Expressing concern over shrinking of playgrounds in the cities, the judges pointed out that the thickly populated urban areas need planned and controlled development. “There is dearth of adequate open spaces where children can play, have an opportunity to train themselves and undertake career in major outdoor sports like cricket, football, and hockey, or at least to maintain their physical fitness,” the judges pointed out.
They further observed that playground can’t be allowed to be bartered away and converted as a club/sports complex with restrictive user meant for handful of rich people in the society. “It is duty of the local authority to maintain the playground for the benefit of common people. This is larger public interest,” they said.

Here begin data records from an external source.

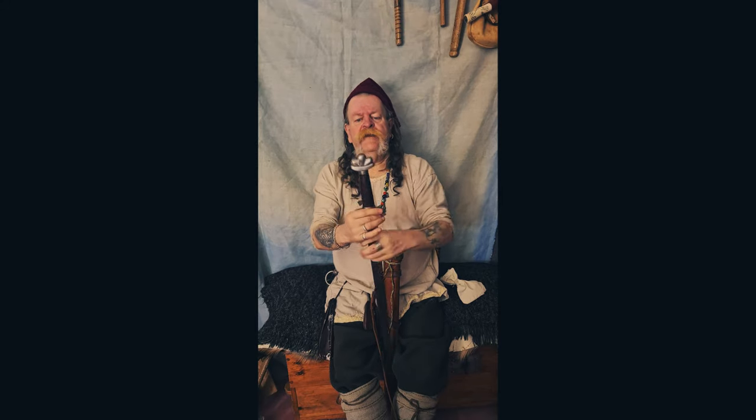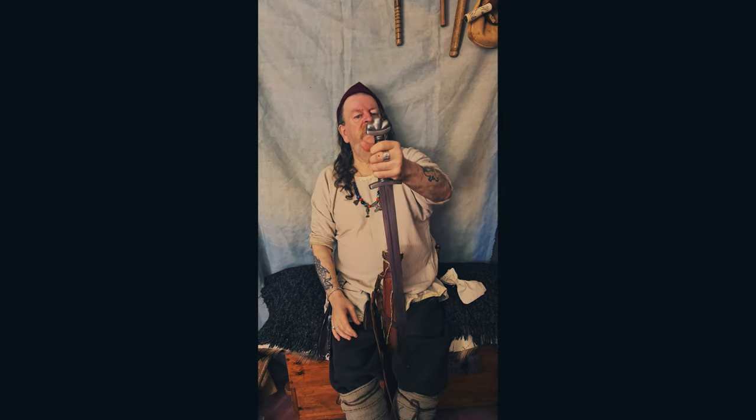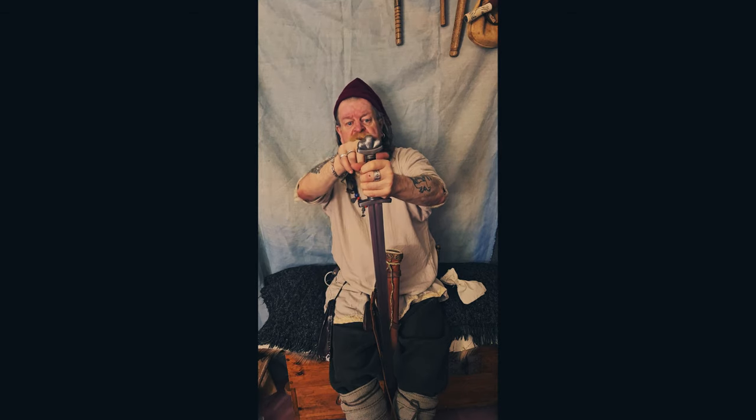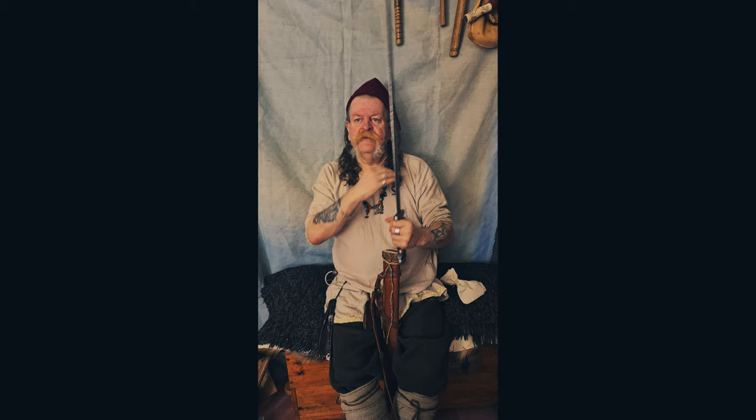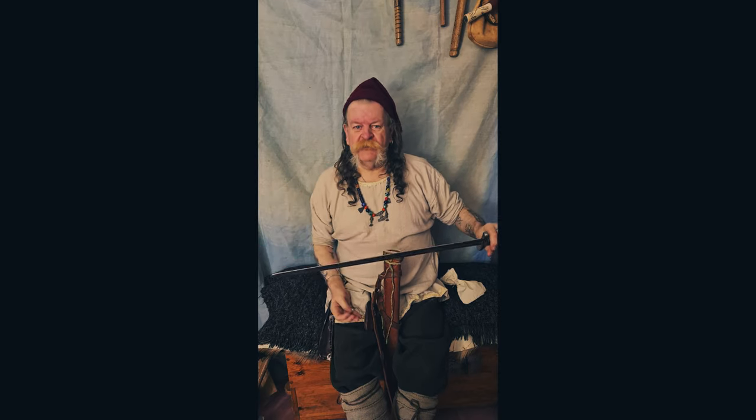We come to the hilt. This is an English sword, you can tell by the shape of it and the crossguard. The crossguard here stops your blade sliding. The channel down the middle isn't a blood channel — it means you can have a lighter sword, but without losing any strength.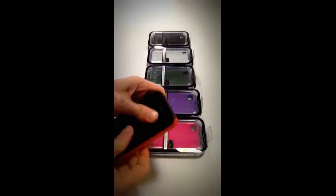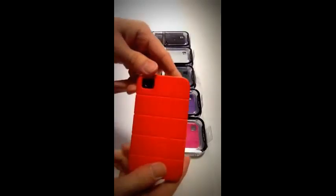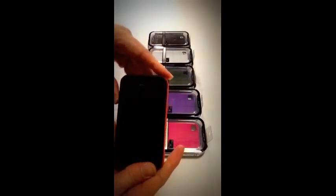Simply snap it in and as you can see you have full function of all your ports, camera lenses and also you can control the volume of your phone.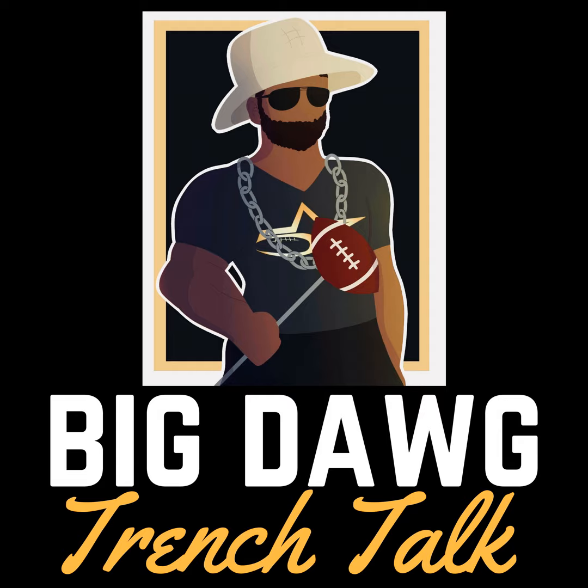Work, work, work, let's work. We're in the trenches, breaking down the defensive line, from technique and fundamentals to NFL and college football analysis. You're listening to Big Dog Trench Talk.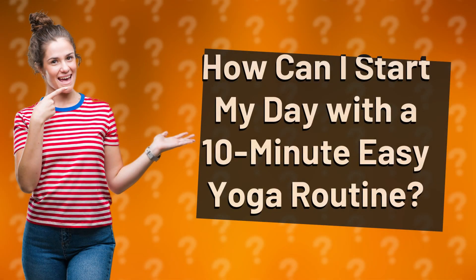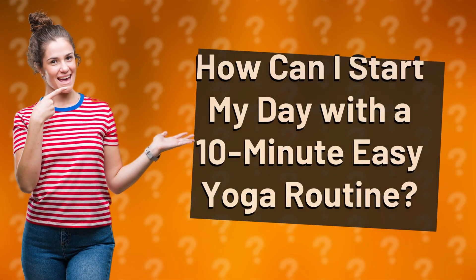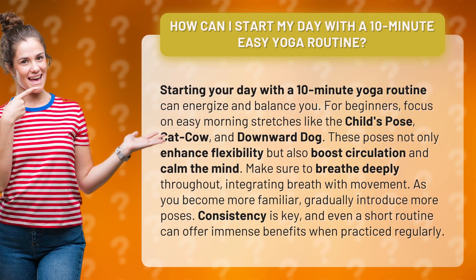How can I start my day with a 10-minute easy yoga routine? Starting your day with a 10-minute yoga routine can energize and balance you.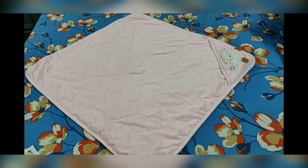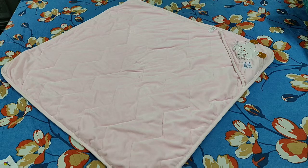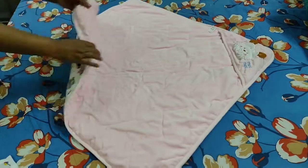To fold the me me blanket, keep it upside down with the head side up, as shown in the picture. Put the baby in the middle of the blanket and fold it from the bottom like so.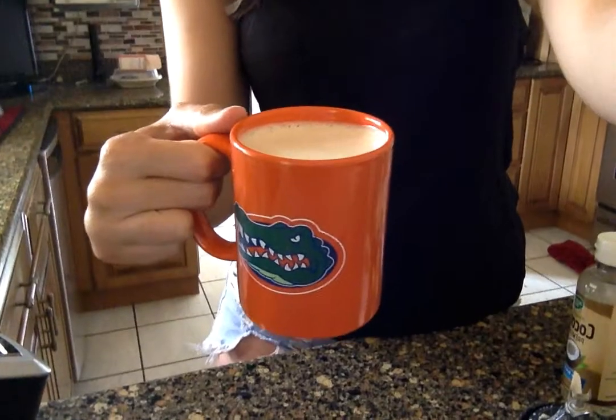I'm staying home right now so I'm not going to pour it into a to-go cup, but it's awesome to drink on the road. And there you go — a nice frothy cup of coffee, and it tastes amazing.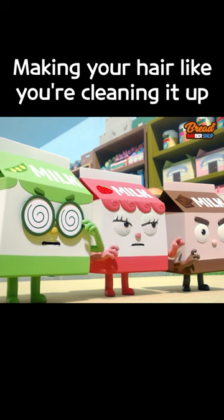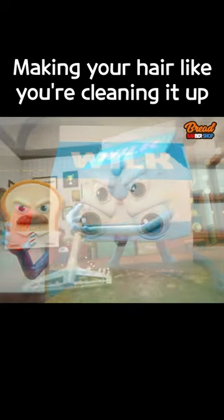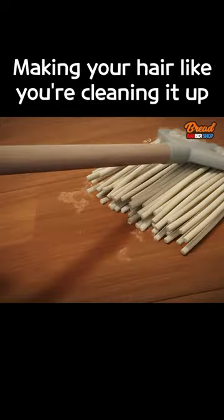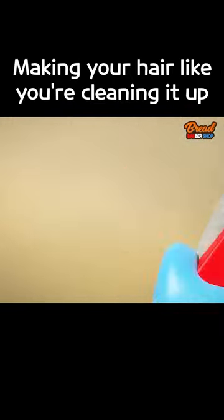Did you see that? He got rid of all the mold. Beginner's luck. The art of the mop — you have to apply enough pressure back and forth in order to clean the floor properly.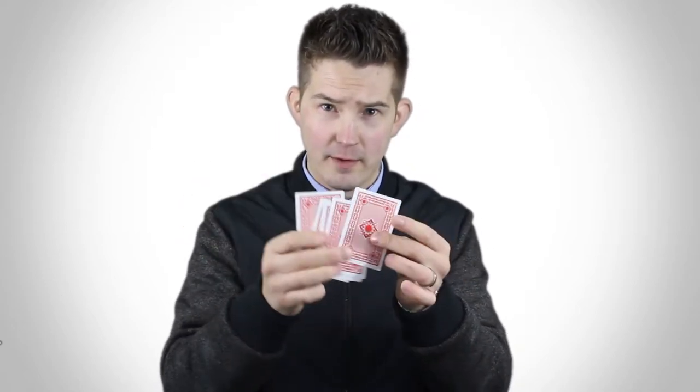Hey guys, Nuke here from Nuke Magic. I'm going to show you a trick with using 5 cards: 2, 3, 4, and 5.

Vindicating the petitioners for filing PIL, the court stated that the common people belonging to poor, weak, and disadvantaged society sometimes are ignorant due to their social and economic backwardness/difficulties. “They may not be able to come forward to the court to enforce their fundamental and legal rights guaranteed in their favour. In such a case, any bona fide litigant can be allowed to come forward to protect public and social interest and vindicate the cause of justice to redress public injury. PIL has a great potential as it enables the court to see to it that justice must reach the doors of all those citizens in the area who could not come to the court due to their socio-economic difficulties,” the judges remarked.
The court, however, made it clear that even Bhavan’s students could use the playground along with other children and common people from nearby areas. The Bhavan’s was told to assist NIT in maintaining the playground in playworthy condition through financial help. “Want of funds cannot be an excuse for local planning authority to shirk its statutory duty to maintain the playground,” the court stated.
Earlier, Anand Jaiswal, representing the petitioners, contended that there were 20 schools in the vicinity and new one was not needed. He pointed out that the area was already congested and the children, elders and common people have no other open space available for their daily morning or evening stroll and physical exercise, had no facility of “playground” except this public utility land.
Bhavan’s have been allotted 0.176 hectare land for primary school and 0.352 hectare for secondary school. Another 1.1136 hectare meant for playground was also allotted to Bhavan’s and this allotment has been quashed.